しかしながら、実際の取り組みは3R施策推進の延長線にとどまってしまう例も多く、"既存のビジネスモデルの構造転換"という本質的なレベルまで踏み込むことは困難です。
サーキュラーエコノミーを単なる「理念」ではなく、ビジネスを成長させるための「設計原理」として捉え、先進企業の事例を分析し、自社のビジネスを循環型に転換するための具体的な思考法と実践するためのヒントを解説します。
ビジネスモデルの変化:「売って終わり」から「製品が使われ続けて儲かる」へ
従来の「作って、売る」というリニア(直線型)なビジネスモデルは、市場の成熟や資源価格の変動リスク・供給リスクに直面しています。これに対し、サーキュラーエコノミーは、製品が顧客の元で使われ続けることで継続的に収益を生む循環型のビジネスモデルへの転換を促します。製品のライフサイクル全体を延長・管理するサービス(保守、修理、アップグレード)や、再製造・再販ビジネスは、一度きりの製品販売に依存しない、安定的かつ高収益な事業の柱となり得ます。マッキンゼーの分析によれば、循環型ビジネスは従来型に比べ利益率を10%あるいは25%にまで高めることができるとされています。

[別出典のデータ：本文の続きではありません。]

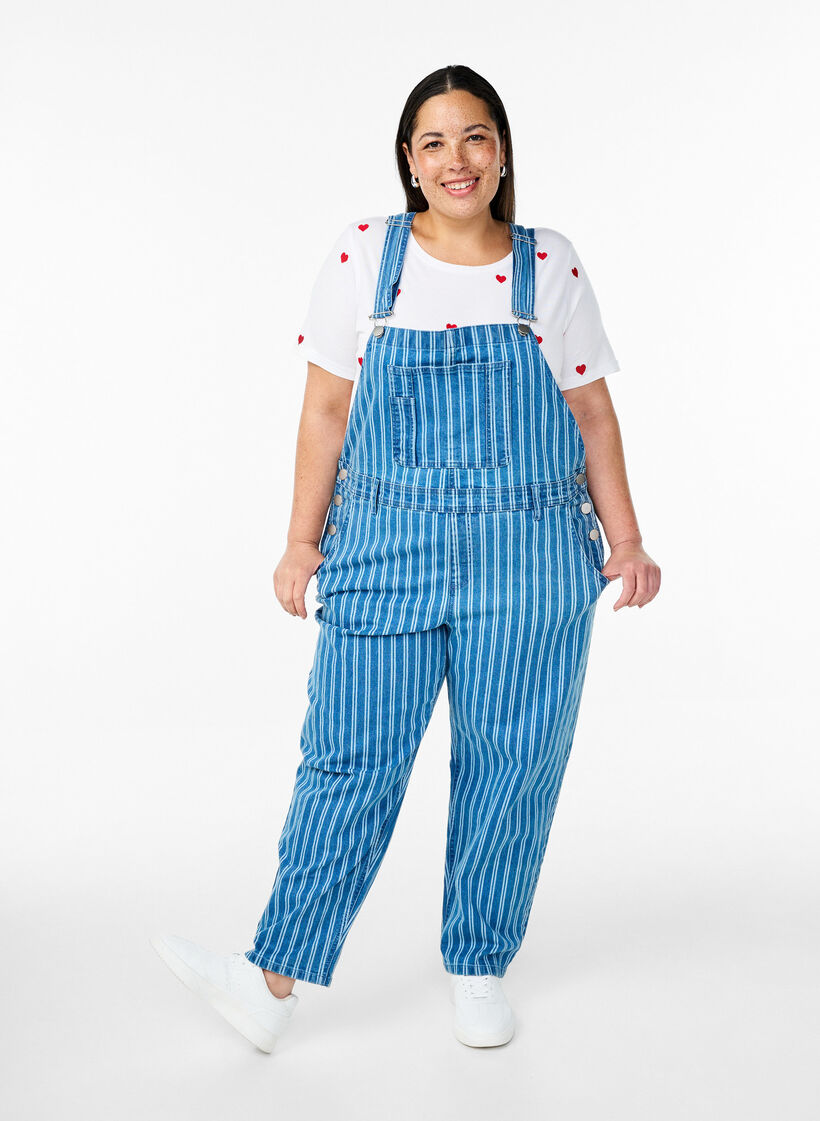 Denim snekkerbukse, L. B. D. Stripe, Model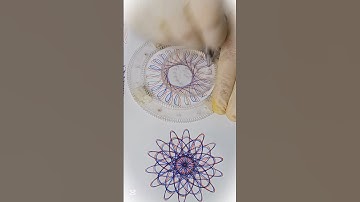Spirograph art || satisfying video #spirograph #satisfying #art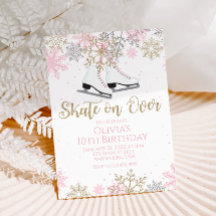 Patinaje sobre hielo Cumpleaños copos de nieve bri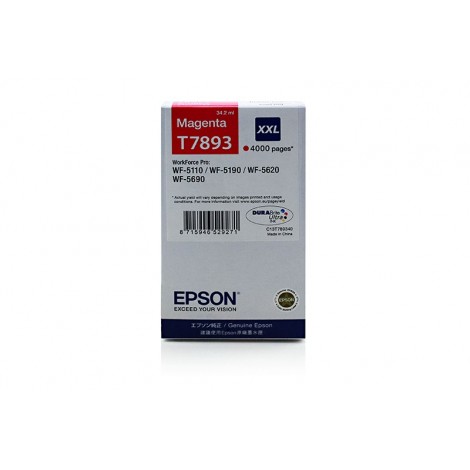 ORIGINAL EPSON T7893 XXL Magenta - 34.2ml - 4.000 pages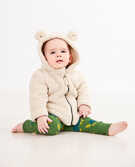 Baby Bear Jacket In Recycled Marshmallow in Navy Blue - main
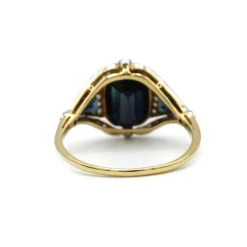 Bague - Or, saphirs et diamants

国内でも、機械納入後の保守・点検に注力したビジネススキームを展開し、利益を上げている事例が散見されます。
また、顧客設備の稼働データを分析し、最適な交換時期や再製造計画を提案することで、新品販売よりも高い利益率をもつストック型の収益基盤を構築している例もあります。このような製品を長く使い続けてもらうためのサービス提供は、顧客との接点を増やし、ロイヤリティを高めます。これは、成熟した市場における価格競争からの脱却につながります。
関連記事:先進事例に見るサーキュラーエコノミーへのビジネスアプローチ
「環境価値」は付加価値から"設計の前提"へ
環境価値は企業の製品において「付加価値」であるとともに、今やビジネス設計の「前提条件」となりつつあります。特に、気候変動対策と資源循環は不可分なテーマとして認識されています。
エレン・マッカーサー財団は「気候変動対策の目標達成のうち、45%は製品や食料の生産・利用方法を循環型に変えることでしか実現できない」と指摘しています。つまり、エネルギー転換だけでは不十分であり、資源循環を前提とした設計こそが脱炭素経営の鍵を握るのです。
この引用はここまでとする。